Does the amount charged vary based on the breadth of the usage? If it's a major corporation or a small business? If it's just some guy selling t-shirts for his band? If they want to use one letter? A word? An arbitrary amount of text?

Is there any threat that my work will be used in a trademark and that I'll therefore lose the right to use it in some contexts (or further license it in those contexts)?

Is there any particular phrasing you'd suggest for an agreement to allow its use? Something about "worldwide non-exclusive use in all media" or the like?
posted by aneel to Work & Money (4 answers total) 2 users marked this as a favorite
Not sure if it helps, but here is the Open Font License, as cited by the League of Moveable Type, a group that advocated open source fonts.
posted by General Malaise at 11:43 AM on April 1, 2010

Is there any threat that my work will be used in a trademark and that I'll therefore lose the right to use it in some contexts (or further license it in those contexts)?

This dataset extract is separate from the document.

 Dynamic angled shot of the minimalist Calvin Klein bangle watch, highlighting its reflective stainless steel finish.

I am not a lawyer, but with fonts in the US the part that you have a copyright on is the actual font file itself. It's possible to have a trademark on the font name, or a design patent on the font design, but neither of those are automatic. You do automatically own the copyright to the font file itself, which is basically a software algorithm for displaying your typeface.

If, for example, you posted a full alphabet of your font on your site at a decent resolution, someone could copy and paste those letters into whatever commercial material they wanted and they would not be breaking your license or infringing on any of your IP. Or they could draw your font freehand after studying it. If they use your actual font file for commercial use though, they would be breaking your agreement and if you sued them in court you would probably win.

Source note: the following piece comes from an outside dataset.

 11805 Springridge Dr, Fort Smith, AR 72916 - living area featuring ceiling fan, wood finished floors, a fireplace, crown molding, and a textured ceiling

So no, there's not any way that letting people use your font can directly reduce your rights to your IP, because you'll own the copyright regardless and due to that users will need to abide by your license agreement to use it.
posted by burnmp3s at 11:56 AM on April 1, 2010 [1 favorite]

High-end designers are probably not going to be interested in your font, so the inquiries you're getting are probably from individuals and small businesses - small enough to want to use a cool font they found on the internet, small enough to not be able to pay very much, small enough to be able to change their minds if you make things difficult. So make things easy for yourself: charge a small fixed fee (say, $50) for a non-exclusive license. If it's a band, suggest that you'll take some merch instead. You'll be happy, they'll be happy, you won't need to pay for a lawyer. Everybody wins.
posted by Joe in Australia at 8:36 AM on April 3, 2010

Response by poster: Thanks for the answers.

I usually do tell bands and paintball teams and the like that they can use my designs on their t-shirts in exchange for a t-shirt. Sadly, I've never received a t-shirt. I did get some posters for an Austrian dance event featuring one of my photos, though.

The particular request that prompted this question was actually from a toy company that has produced some very successful toys in the past, so it's possible that the design would go into wide circulation. However, the figure I quoted them ($150) seems to have scared them off.